Test optical drive - Sound For each drive:
  • Use a music disc to test sound. No sound? Go to Laptop Sound Troubleshooting
  • Test-read a data CD (if any data shows up in the file browser that opens, test passes).
  • If there is a DVD-Rom, use the "Free Geek DVD" to check whether a "Welcome to Free Geek" icon appears on the desktop. You don't need to install codecs.
Test CD/DVD writing Write to a CD and a DVD (if DVD-RW is present). You can use Brasero Disc Burning or, if this fails, install and use K3B. Put a blank disk in and drag and drop a few files from /home/oem/examples to the CD/DVD writing folder that appears. Click "Burn". When each disk, CD and/or DVD is done, verify that they contain the files you wrote to them.
Blank the CD Using Brasero Disc Burning, select Tools > Erase. Using K3B, select Tools > Erase CD-RW. If there were problems with Brasero and you used K3B, remove the Brasero program to eliminate confusion later.
Check battery charging percentage Is it almost charged or is it charging compared to last check? Make a note.
Test all USB ports Using a USB mouse, make sure that the cursor moves and can interact with things. Do this on all the USB ports. If any of the ports don't work, check in with your instructor.
Test Cardbus/PCMCIA slots Put a wifi card in each slot -> if it lights up, then it's good.
Run printme from terminal This will give you a System ID number. If an ID number is shown, the laptop has been through the system previously.
  1. You must be on the wired network
  2. From a terminal, type printme
  3. Answer the questions printme asks, NOTE: Always select Laptop for system type.. Make a note of anything special or any problems you encountered that weren't corrected and should be disclosed.

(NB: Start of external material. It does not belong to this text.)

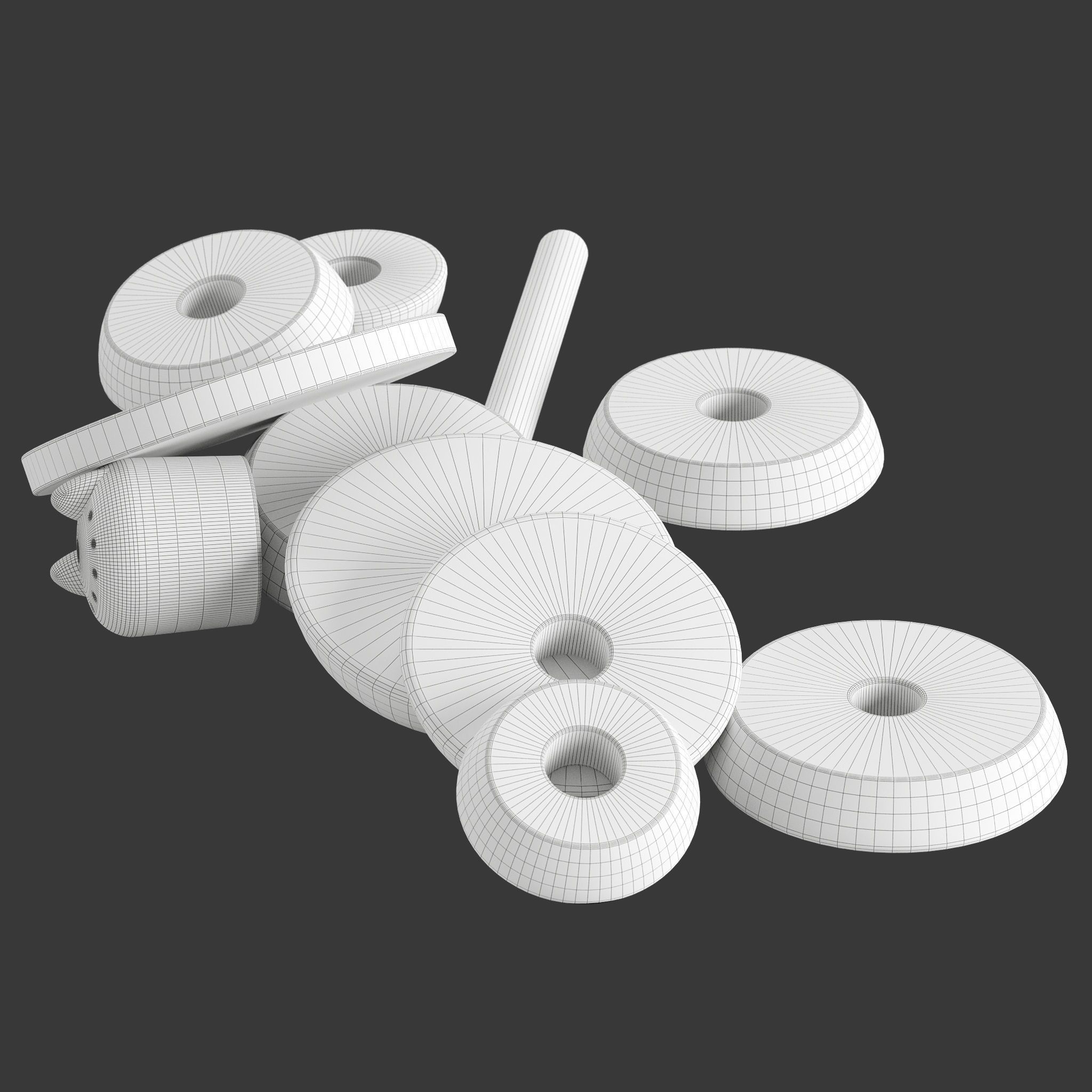 Toy stacking rings IKEA UPPSTA 3D model CGTrader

A webpage will open with info about the system. Click "Print." Choose "Print to file." Save the file to the Desktop (name the file something with the word build in it, e.g. "Build Printme" or "BUILD")

Test the battery

Step 1. Make sure battery is fully charged:

  • Battery icon missing indicates full charge.
If fully charged, then move to Step 2.
If not fully charged, then move to Step 3.

Step 2.

  • Put a music CD in the optical drive to put a power draw on the laptop:
  • Select "Repeat"
  • Start playing the CD
  • Open a terminal and run bat_check.
  • Disconnect the power supply and place the laptop on the waiting rack. If it shuts down when unplugged, the battery is bad and you'll need to search for another battery (can't find one? check in with your instructor).
  • Mark on the Keeper label that Build is complete, the Charging check has been completed and that you've started Bat Check.
  • If you want to see for how many minutes bat check has run, open up another terminal and type watch wc bat_time. Laptop Power & Batteries can provide additional information.

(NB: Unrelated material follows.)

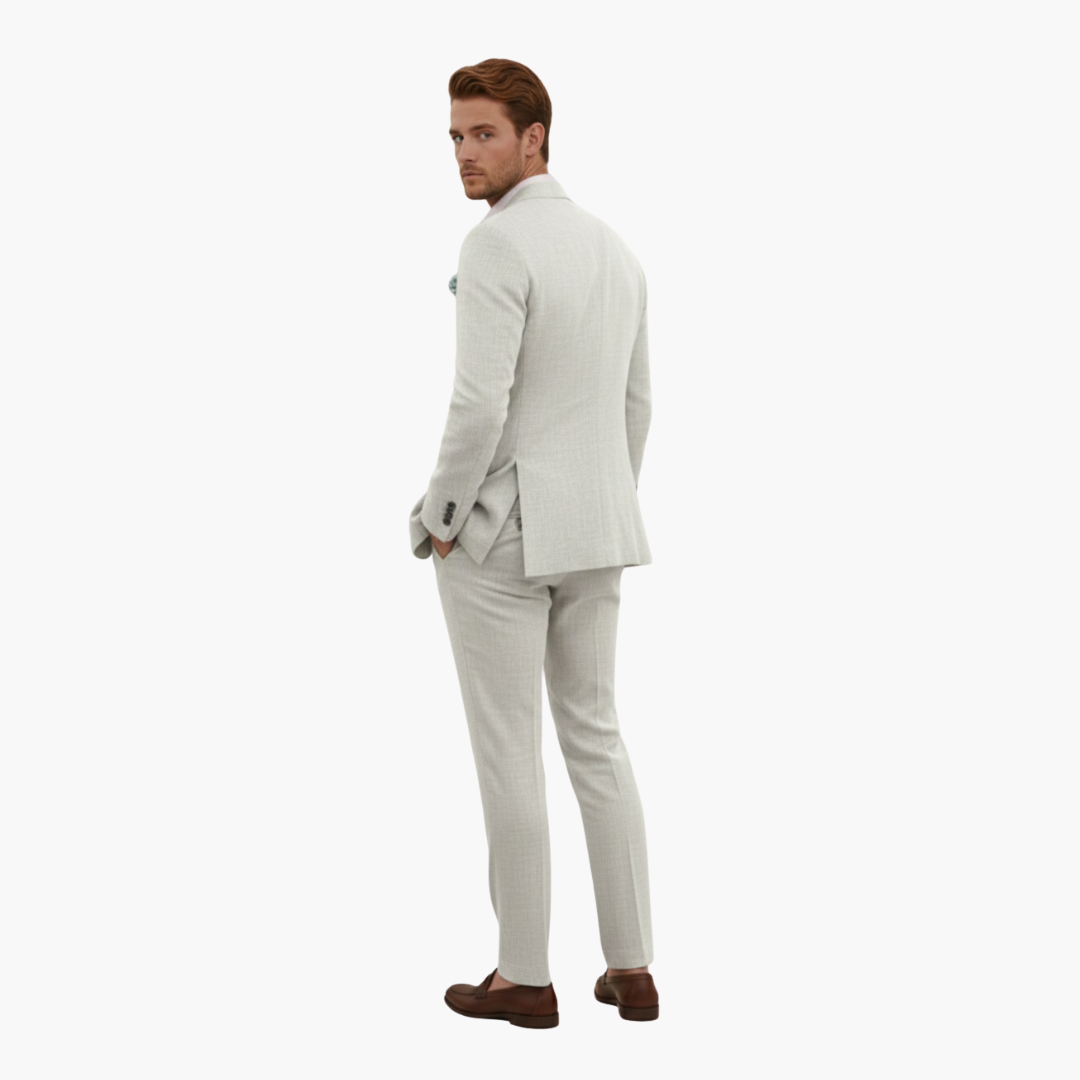 Men's Linen Suit Set – Two-Piece Button Blazer & Trousers Summer Holiday Suit 5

Step 3. If the charge is not complete:

  • Mark the keeper label Build started and completed
  • Make sure the keeper label Charging started box is checked.
  • Place the laptop on the waiting rack, plug it back in and let it complete Charging.
  • Leave a note indicating charging is in progress.
Clean up and check in with Laptops Instructor. Your instructor will direct you to your next task.
Multitasking Periodically check the waiting rack and see if Charging has completed on your prior build. If yes, mark the Keeper label Charging done. Then, mark Bat Test on the Keeper label as started and complete Step 2. above(don't forget to remove the charging note.